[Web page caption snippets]
• • • • • • •

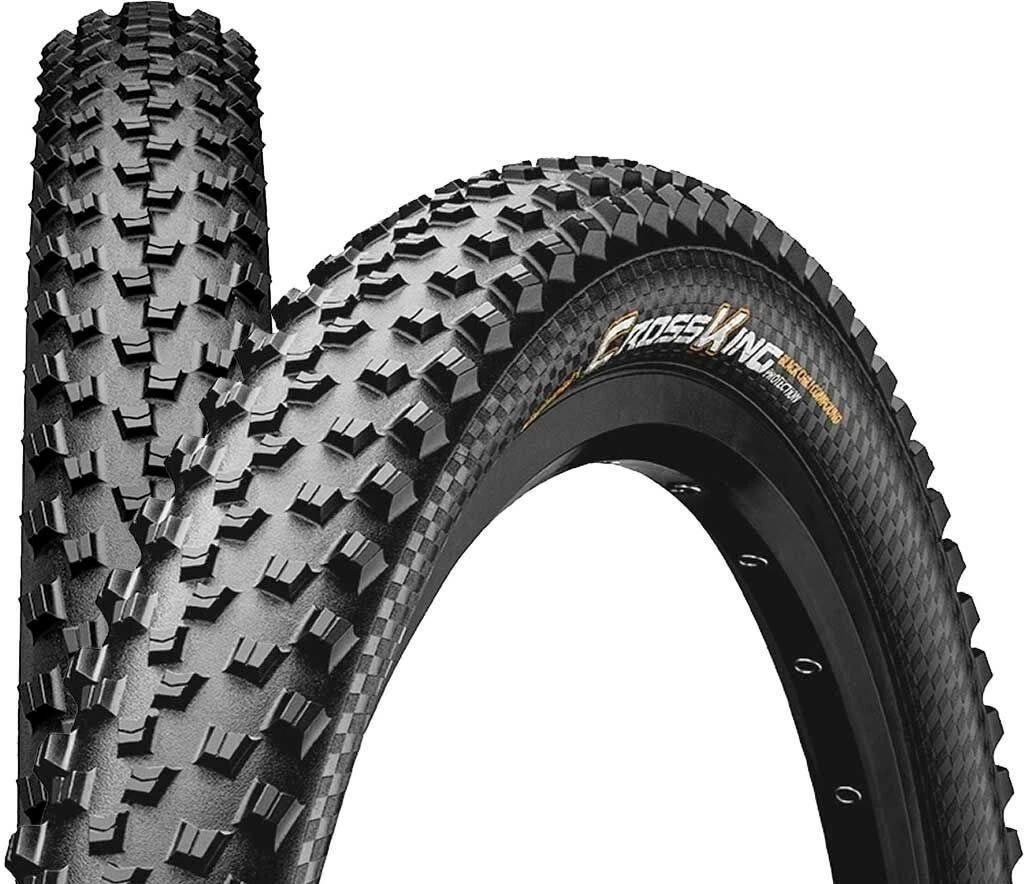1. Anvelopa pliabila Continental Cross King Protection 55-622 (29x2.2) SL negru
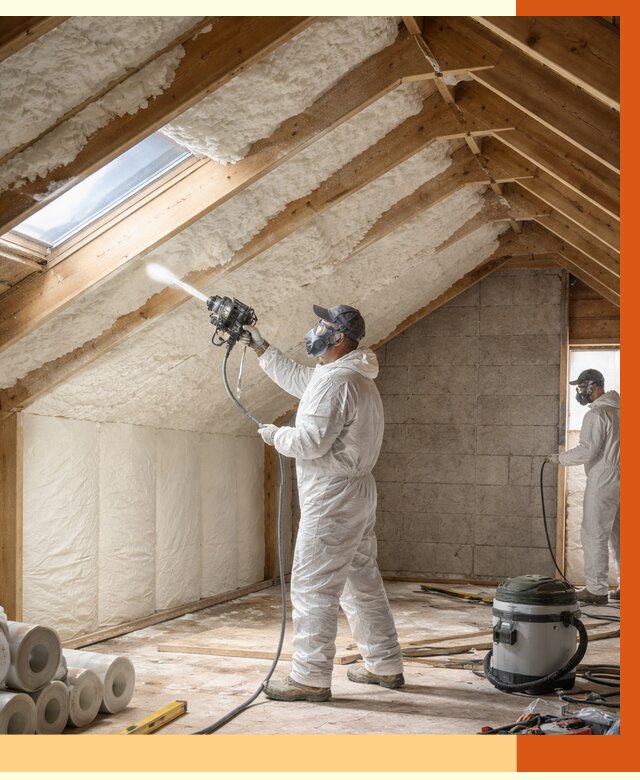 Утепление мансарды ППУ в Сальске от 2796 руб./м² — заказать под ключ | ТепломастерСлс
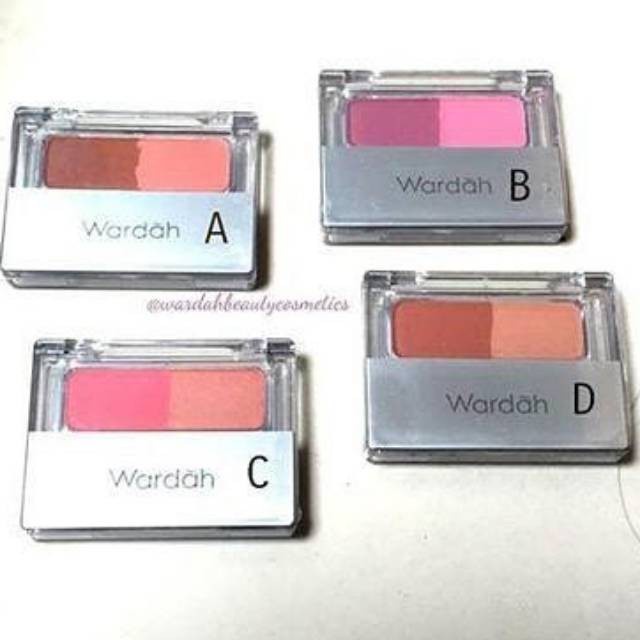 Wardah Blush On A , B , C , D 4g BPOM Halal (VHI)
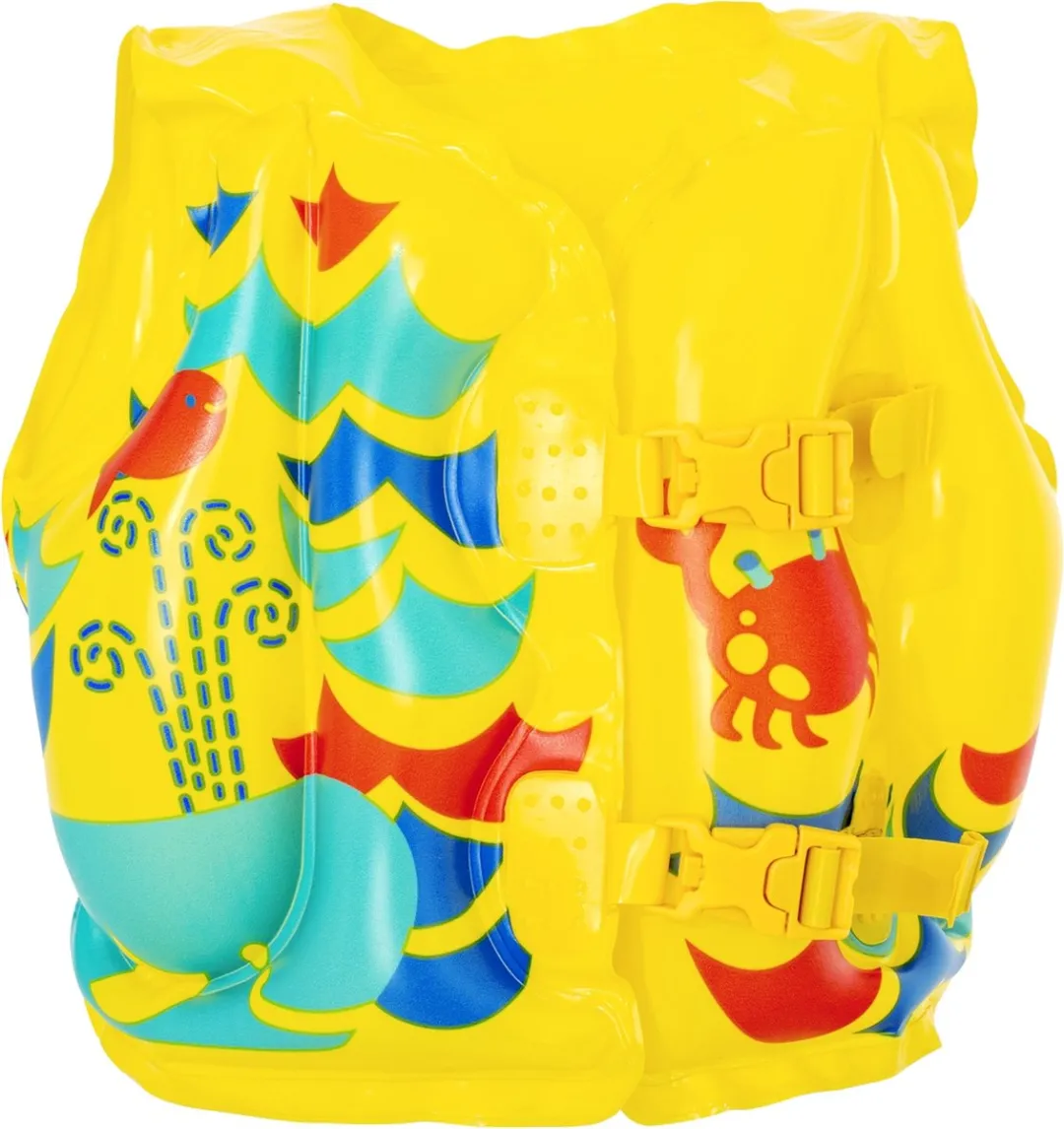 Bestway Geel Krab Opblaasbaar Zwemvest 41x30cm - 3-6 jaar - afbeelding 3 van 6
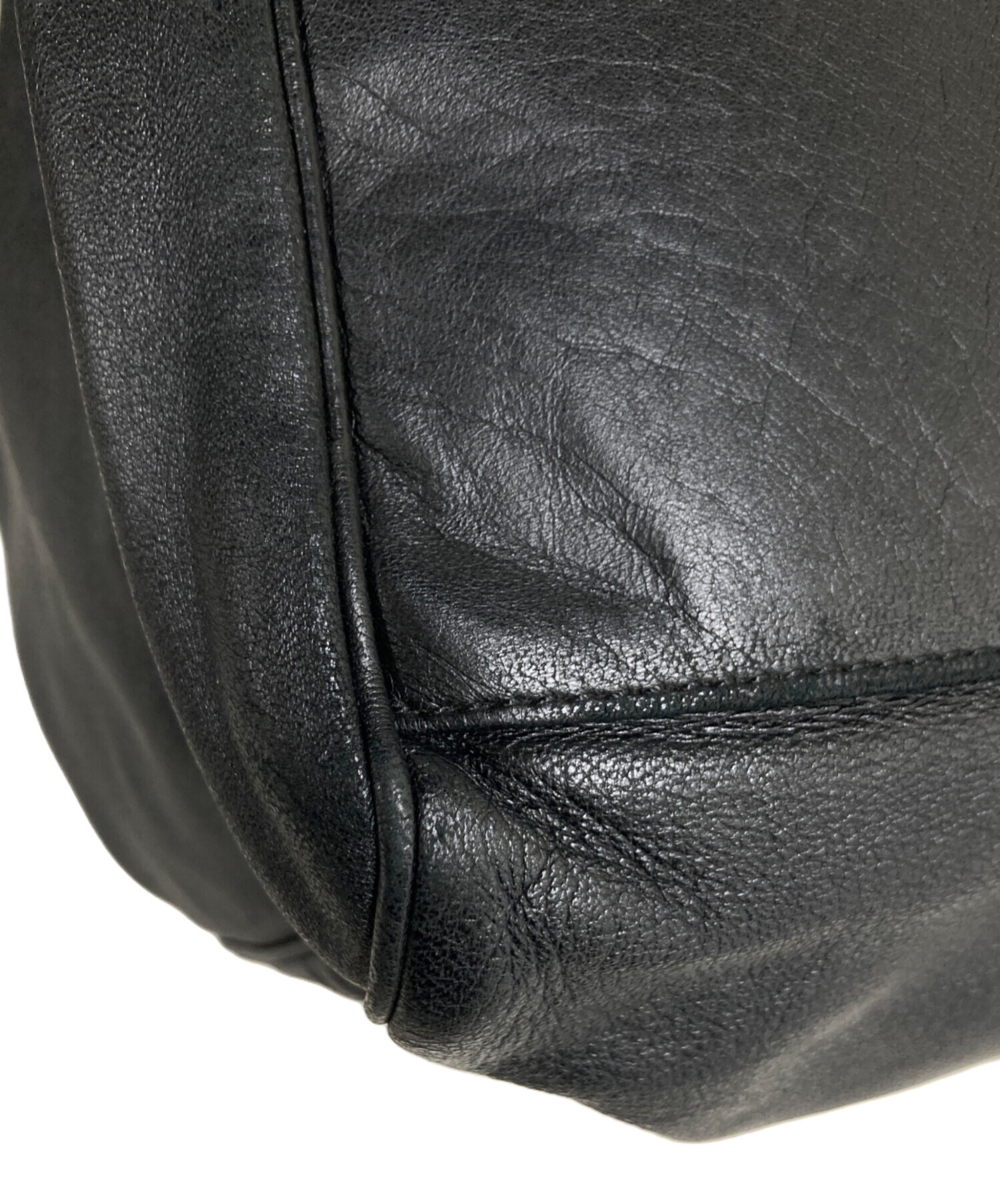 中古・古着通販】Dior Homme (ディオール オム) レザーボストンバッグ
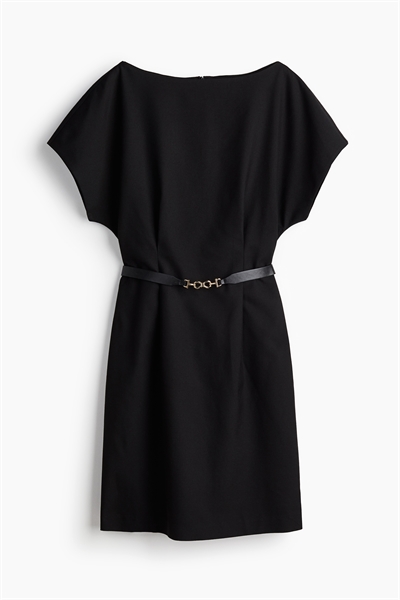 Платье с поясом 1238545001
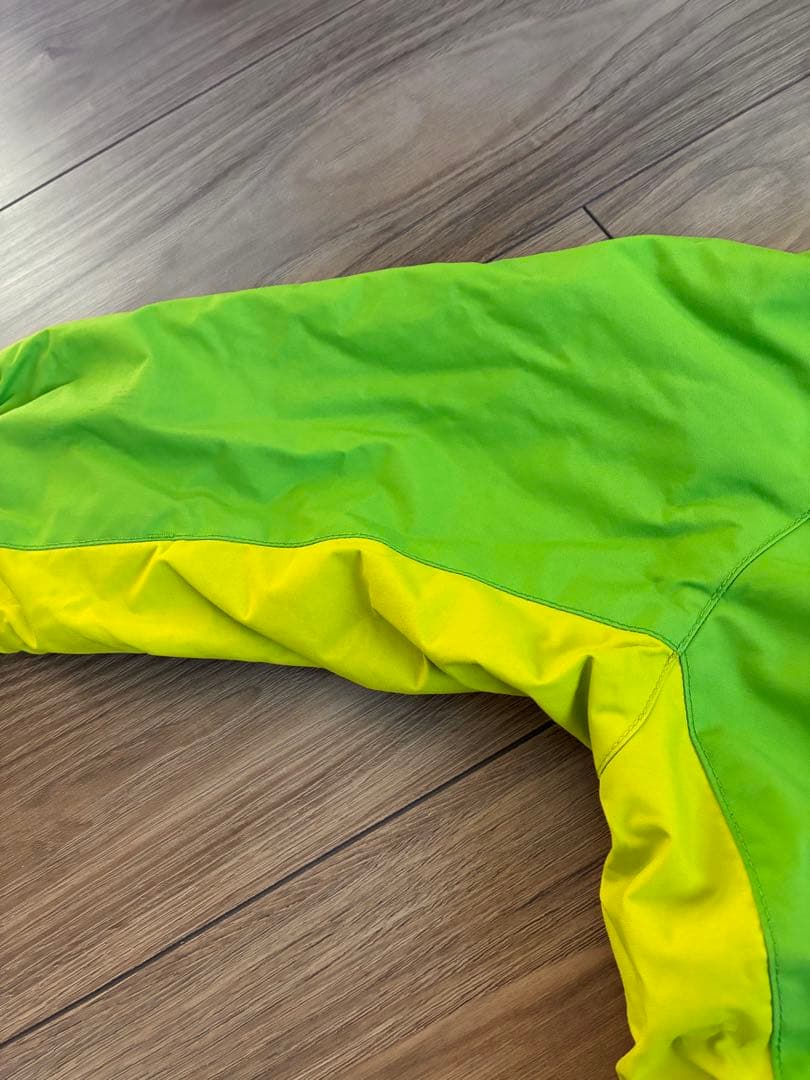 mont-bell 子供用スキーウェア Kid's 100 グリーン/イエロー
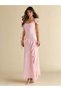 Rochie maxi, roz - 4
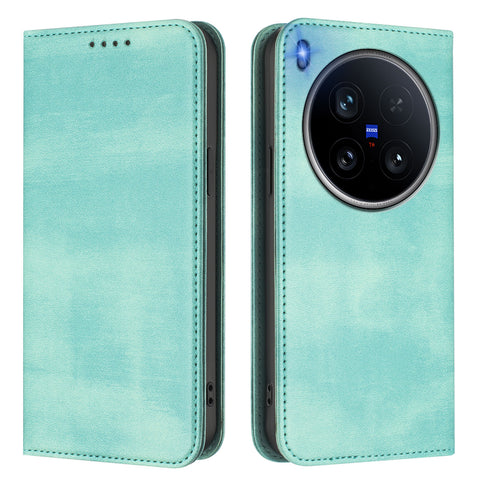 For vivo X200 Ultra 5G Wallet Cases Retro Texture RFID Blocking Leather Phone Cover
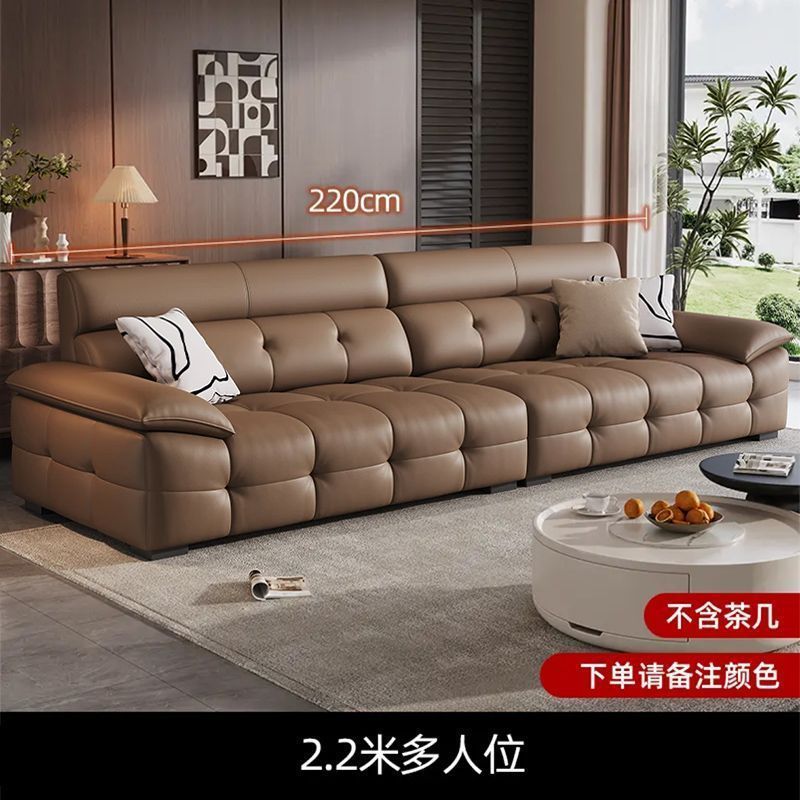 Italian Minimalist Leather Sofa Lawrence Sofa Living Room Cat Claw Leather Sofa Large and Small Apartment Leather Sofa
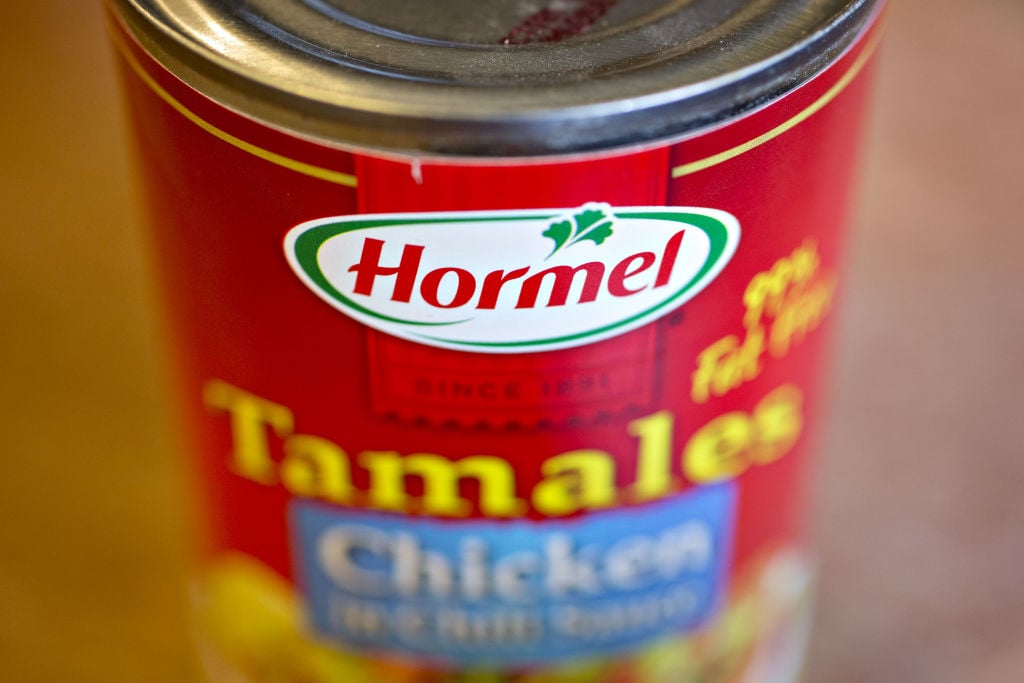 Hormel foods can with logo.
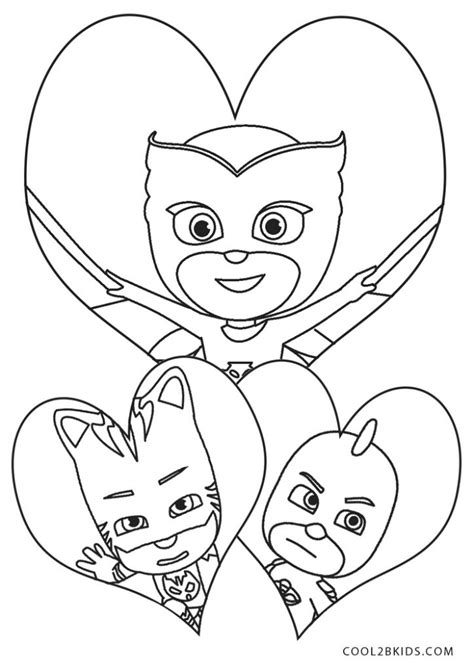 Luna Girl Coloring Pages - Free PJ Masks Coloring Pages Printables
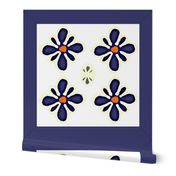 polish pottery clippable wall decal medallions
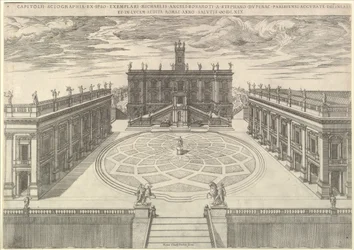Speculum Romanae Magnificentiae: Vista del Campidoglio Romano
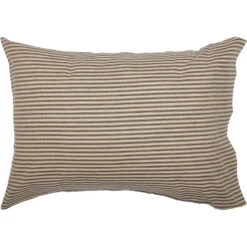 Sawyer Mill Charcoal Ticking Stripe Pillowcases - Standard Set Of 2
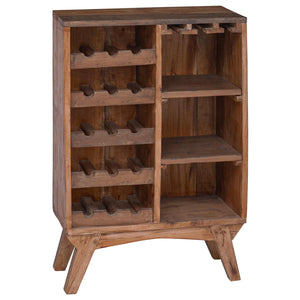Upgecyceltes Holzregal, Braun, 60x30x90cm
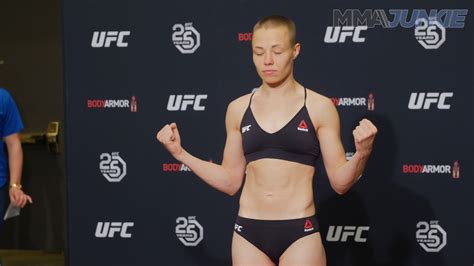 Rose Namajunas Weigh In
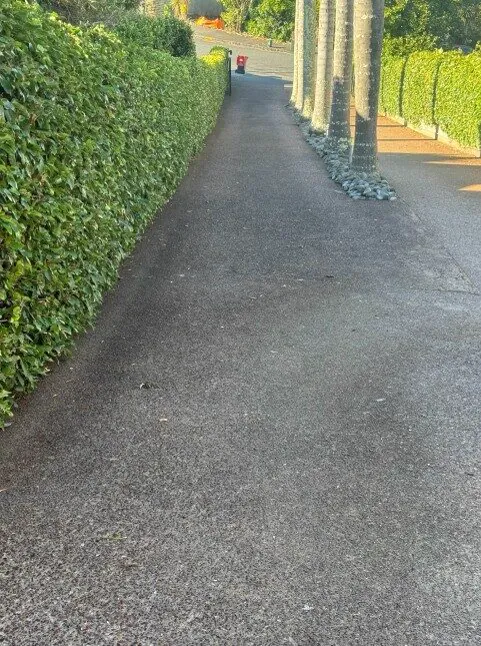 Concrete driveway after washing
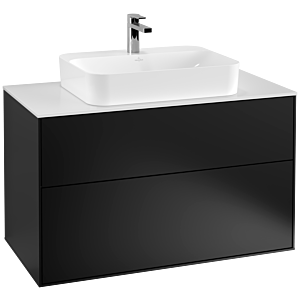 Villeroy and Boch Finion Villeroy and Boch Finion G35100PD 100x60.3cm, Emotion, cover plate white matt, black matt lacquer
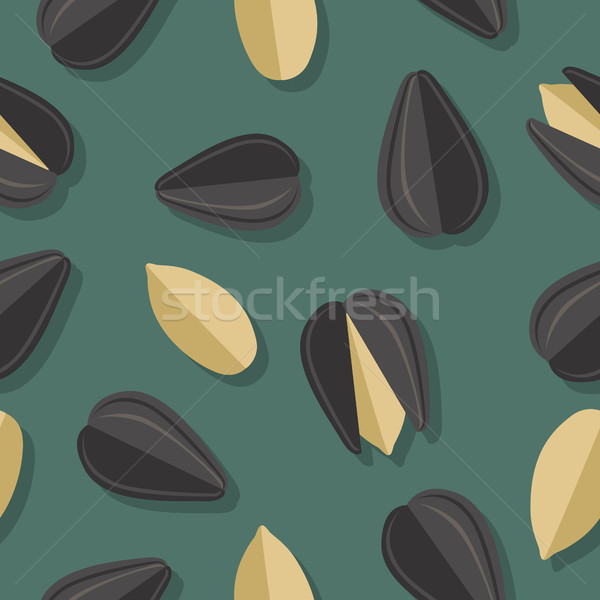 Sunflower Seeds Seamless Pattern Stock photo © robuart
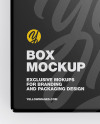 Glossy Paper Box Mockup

• • • • • • •

Word for word, repeat the lines above from the one with "For vivo X200" through the one with "Sunflower Seeds Seamless", and nothing beyond them. Omit the pictures.

● **Response to the exercise**:
 For vivo X200 Ultra 5G Wallet Cases Retro Texture RFID Blocking Leather Phone Cover
 Italian Minimalist Leather Sofa Lawrence Sofa Living Room Cat Claw Leather Sofa Large and Small Apartment Leather Sofa
 Hormel foods can with logo.
 Luna Girl Coloring Pages - Free PJ Masks Coloring Pages Printables
 polish pottery clippable wall decal medallions
Speculum Romanae Magnificentiae: Vista del Campidoglio Romano
 Sawyer Mill Charcoal Ticking Stripe Pillowcases - Standard Set Of 2
Upgecyceltes Holzregal, Braun, 60x30x90cm
 Rose Namajunas Weigh In
 Concrete driveway after washing
 Villeroy and Boch Finion Villeroy and Boch Finion G35100PD 100x60.3cm, Emotion, cover plate white matt, black matt lacquer
 Sunflower Seeds Seamless Pattern Stock photo © robuart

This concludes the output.